30 year old AIDS patient presents with flashing lights in the periphery, difficulty swallowing, a fever and a new hepatitis. CD4 count is less than 200. She is leukopenic and has atypical lymphocytosis. Fundoscopic exam is shown below.

Note the exudates and hemorrhages following the vessels indicated CMV retinitis. Reactivation CMV can cause esophagitis, retinitis and hepatitis when the immune system begins to wane. Note that IRIS can also cause CMV retinitis once ART is started.

23

Where does CMV most often come from?

Kids in daycare, they tend to endure the infection well, but adults don’t.

24

Screening for CMV activation in HIV patients

Dilated eye exam

25

Tx for CMV retinitis

Oral valganciclovir. Ganciclovir caused bone marrow suppression and has to be given IV. Foscarnet has to be given IV

26

Drug used to treat acyclovir resistant HSV because of mutated thymidine kinase

Foscarnet

27

When to prophylax against CMV retinitis

It is not standard of care to prophylax against CMV retinitis

28

A 40 year old woman with AIDS comes in with fever, diarrhea, weight loss and night sweats. Her CD4 is < 100. Stool has acid-fast bacilli, Hgb 7, Hct 25, WBC 1.5, pot 89k, alk phos 850, ALT 130, AST 80 and hyperbilirubinemia. Physical exam reveals hepatosplenomegaly. After ruling out lymphoma, what is your most likely diagnosis?

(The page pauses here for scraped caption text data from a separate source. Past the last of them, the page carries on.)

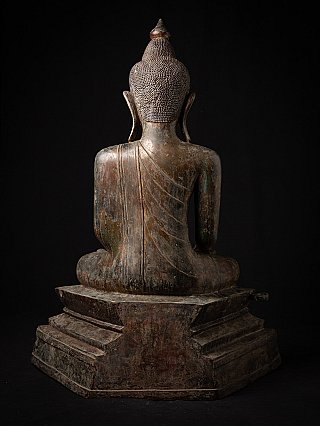 Rear view of the Shan bronze Buddha statue from Burma (Myanmar), robe drape visible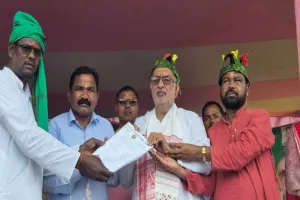 Koderma News: घटवार घट्वाल आदिवासी महासभा ने किया करमा महोत्सव का आयोजन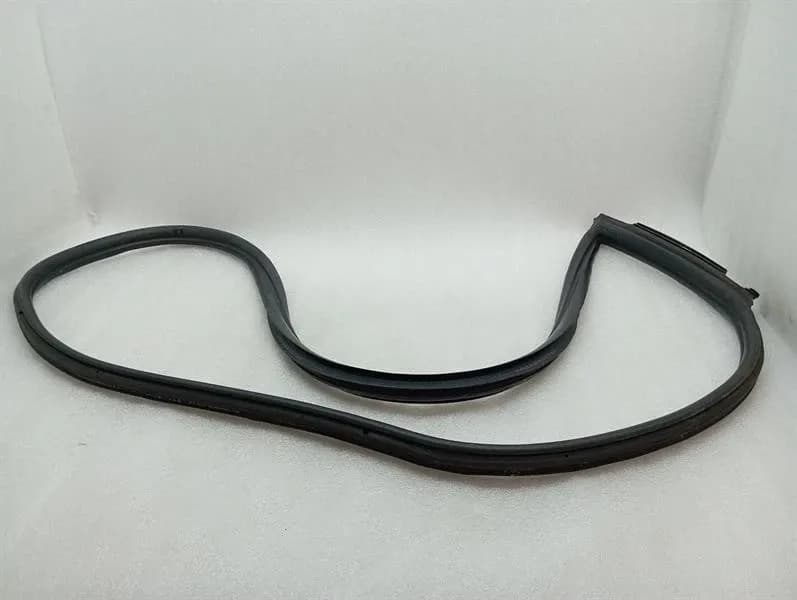 PORSCHE Porsche 911 996 Door Seal 99653707503 Left Door Seals -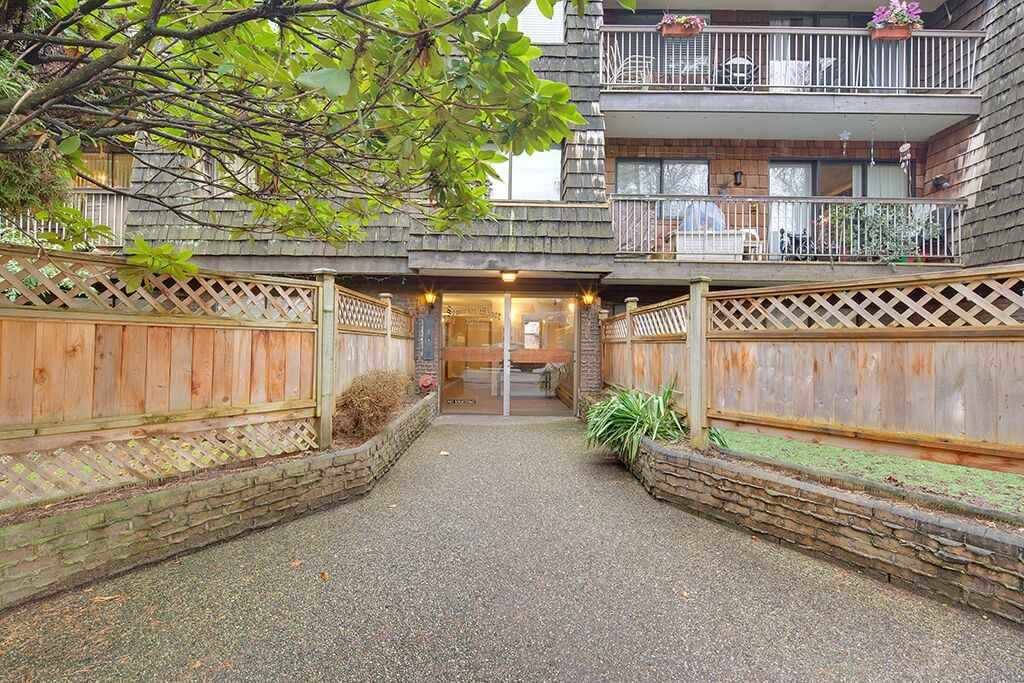 Main Photo: 304 327 W 2ND Street in North Vancouver: Lower Lonsdale Condo for sale in "SOMERSET MANOR" : MLS®# R2175436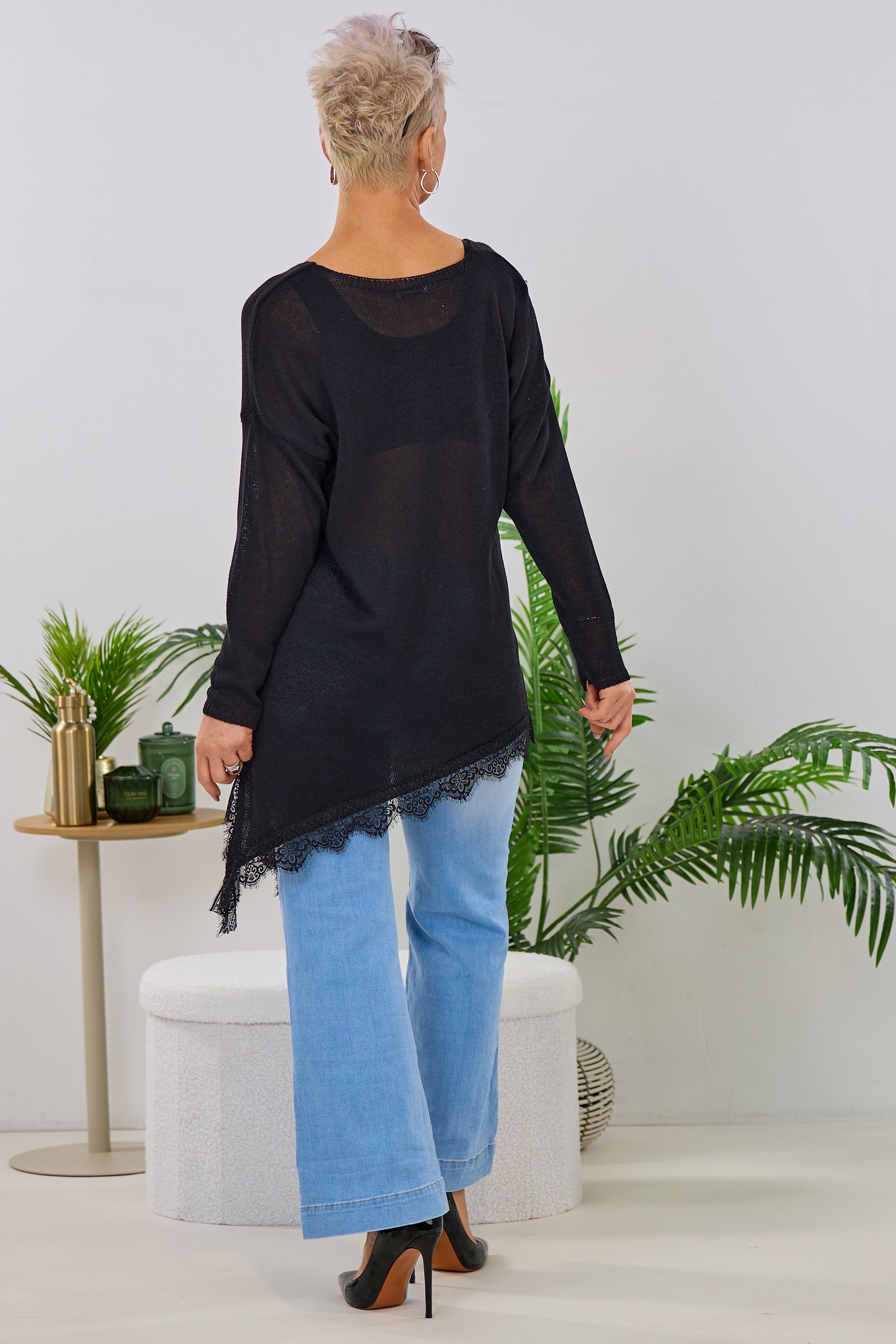 Asymmetrischer Strickpulli mit Spitze, schwarz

MAC (Mycobacterium Avium Complex). It is ubiquitous and is usually acquired via fruits/vegetables and rarely respiratory. Consequently diarrhea is the 1st presentation. Acid-fast bacilli get into the marrow and cause marrow suppression.

29

When do you start prophylaxis against MAC?

< 50 CD4 T-cells.

30

Diagnosing MAC

+ culture from any site (blood, marrow or liver).Note that there is a special culture tube that promotes lysis of WBC to increase yield (isolator tube).

31

Tx for MAC

At least 2 effective drugs! #1) Clarithromycin and azithromycin as an alternative. #2) Ethambutol. Possibly adding on rifabutin/rifampin, ciprofloxacin or amikacin. Note that INH and PZA (pyrazinamide) have no activity against MAC. USE MACrolides!

32

What do you need to do if you give a patient clarithromycin and ethambutol to treat MAC?

Optic neuritis is a side effect of ethambutol.

33

Prophylaxis for MAC

Azithromycin (macrolide) or clarithromycin until CD4 gets > 100 with no detectable viral load.